Visiting Research Scholar 2024-25

Dr. Éric Fournier (born and raised in Québec, Canada) has a BA (History and Classics) and MA (Ancient History) from the Université de Montréal, and completed his doctoral studies on ancient and late antique history in 2008, at the University of California – Santa Barbara. He has since been teaching ancient and medieval history at West Chester University of Pennsylvania, where he holds the rank of Professor of History.

His research focuses on North Africa in the late antique period, particularly the Vandal era, Victor of Vita (the most important contemporary narrative source on the Vandals), and power struggles between bishops and civic government. This led him to analyze the role of exile in the treatment of bishops by late antique rulers, from Constantine to the Vandals and beyond, and to compare the measures these rulers used against bishops with the discourse of persecution that victims of these measures deployed to attack these same rulers’ legitimacy. One result of these efforts was a collection of essays, Heirs of Roman Persecution (Routledge, 2020), that he co-edited with Wendy Mayer. He is currently working on another collection of essays on women and gender in the post-Roman kingdoms of the Western Mediterranean, which he is co-editing with Maijastina Kahlos. And starting another co-edited venture with Susan Stevens, the Brill Companion to North Africa during the Vandal Century.

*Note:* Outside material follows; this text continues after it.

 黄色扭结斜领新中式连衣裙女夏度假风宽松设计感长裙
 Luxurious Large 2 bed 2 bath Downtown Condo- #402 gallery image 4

During his stay at ISAW, he will be working on a monograph that studies the intertextual allusions to martyrological literature in the North African Christian texts of the post-Constantinian period, when persecutions had supposedly ended. He analyzes these allusions through the lenses of cultural trauma and cultural memory theories, as well as through purity and pollution discourse. The monograph, tentatively titled Us and Them: Purity, Pollution, Trauma, and Cultural Memory of the Martyrs in Christian North Africa (2nd to 6th centuries), will provide new perspectives on the various intra-Christian conflicts that dominated the period.

Key Publications:

“‘Words as Weapons, Sharper Than Knives’. Intertextuality in Vandal Martyrological Literature: From the Maccabees, to Cyprian, to the Passion of the Seven Monks.” In The Vandal Renaissance. Latin Literature in Post-Roman Africa (435-534CE), ed. Michael Hanaghan et al. Leiden–Boston: Brill, forthcoming.

“Eternal Persecutions: Cultural Memory, Trauma and Martyrs in Vandal North Africa.” In The Making of Saints in Late Antique North Africa, ed. Sabine Panzram and Nathalie Klinck, 305-35. “Beiträge zur Hagiographie.” Stuttgart: Franz Steiner Verlag, forthcoming.

“Anticipating Disasters: Forbearance and the Limits of Religious Coercion in Late Roman North Africa.” Studies in Late Antiquity [special issue: Bishops, Barbarians, and Responses to Crisis, ed. Samuel Cohen] 8.1 (2024): 65-99.